Start of Dataset section

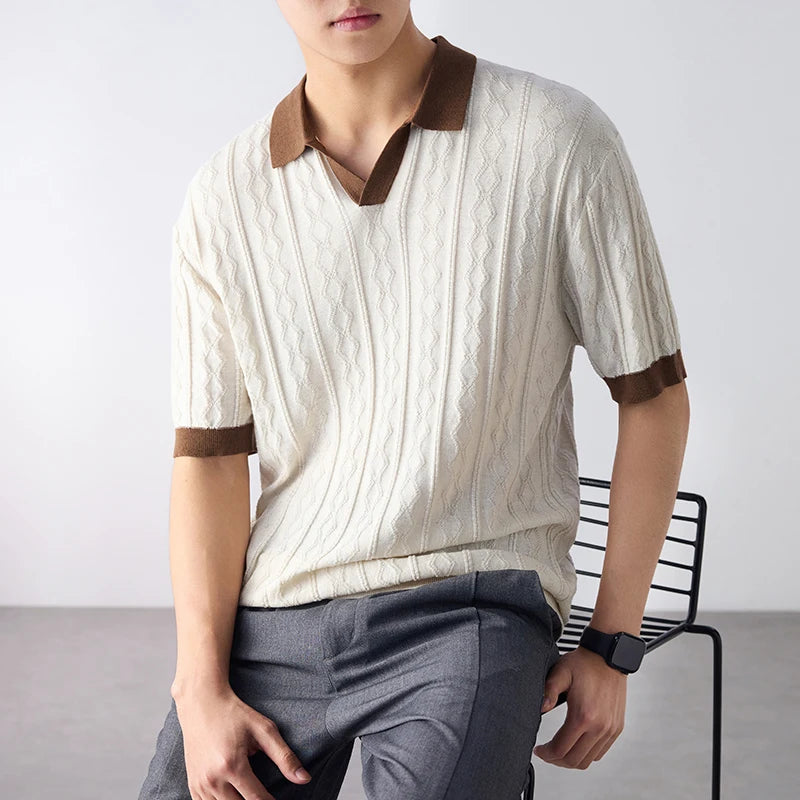 Cable Pattern Short Sleeve Polo Top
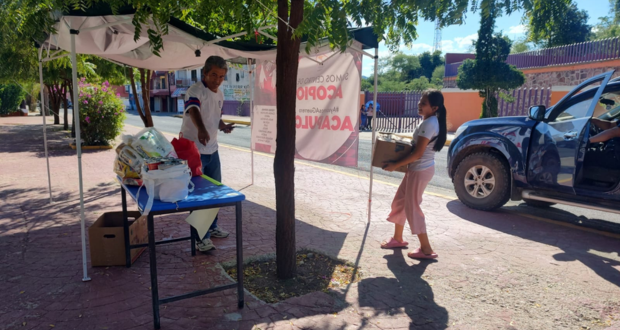 Antorcha instala centro de acopio en Tecomatlán para damnificados de Otis
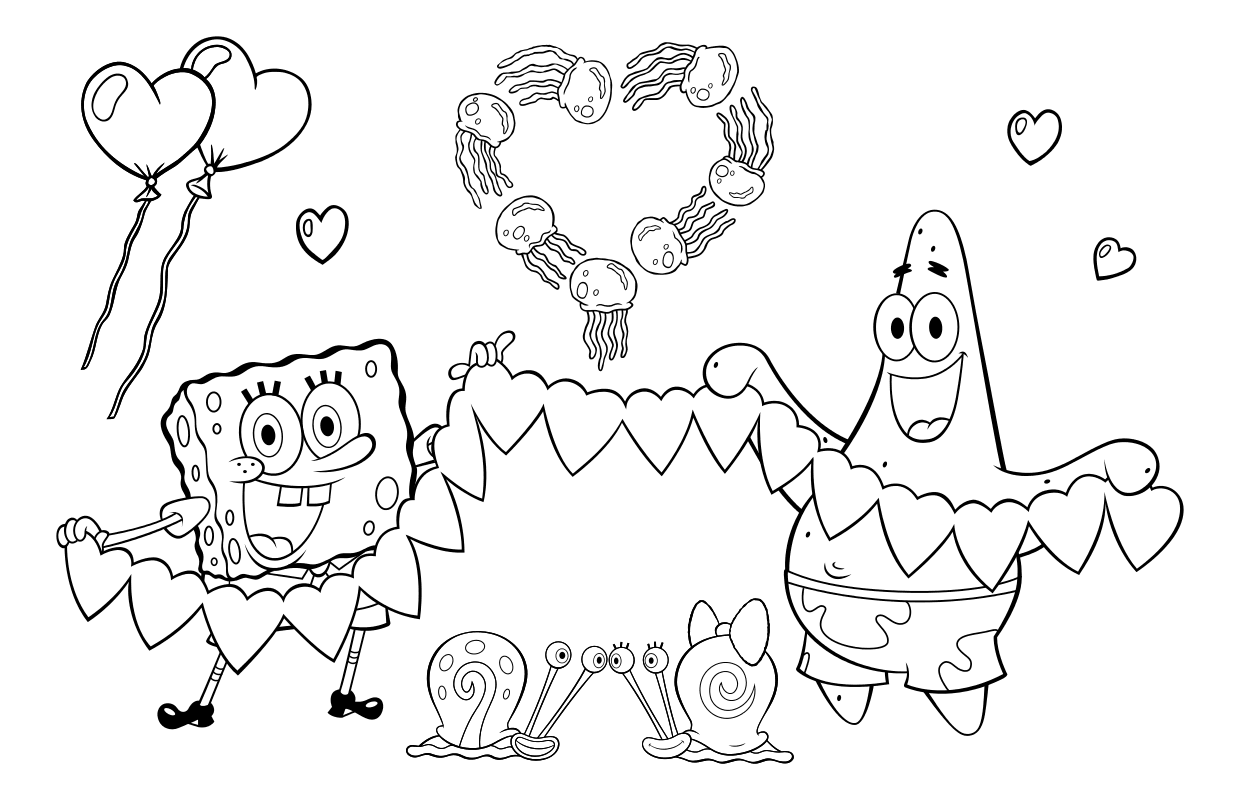 Раскраска - Губка Боб Квадратные Штаны - Губка Боб, Гэри, Снэлли и Патрик на День святого Валентина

End of Dataset section

The task: Wherever a picture appears, omit it; copy the rest of the data exactly.

Answer box:
 Cable Pattern Short Sleeve Polo Top
 Antorcha instala centro de acopio en Tecomatlán para damnificados de Otis
 Раскраска - Губка Боб Квадратные Штаны - Губка Боб, Гэри, Снэлли и Патрик на День святого Валентина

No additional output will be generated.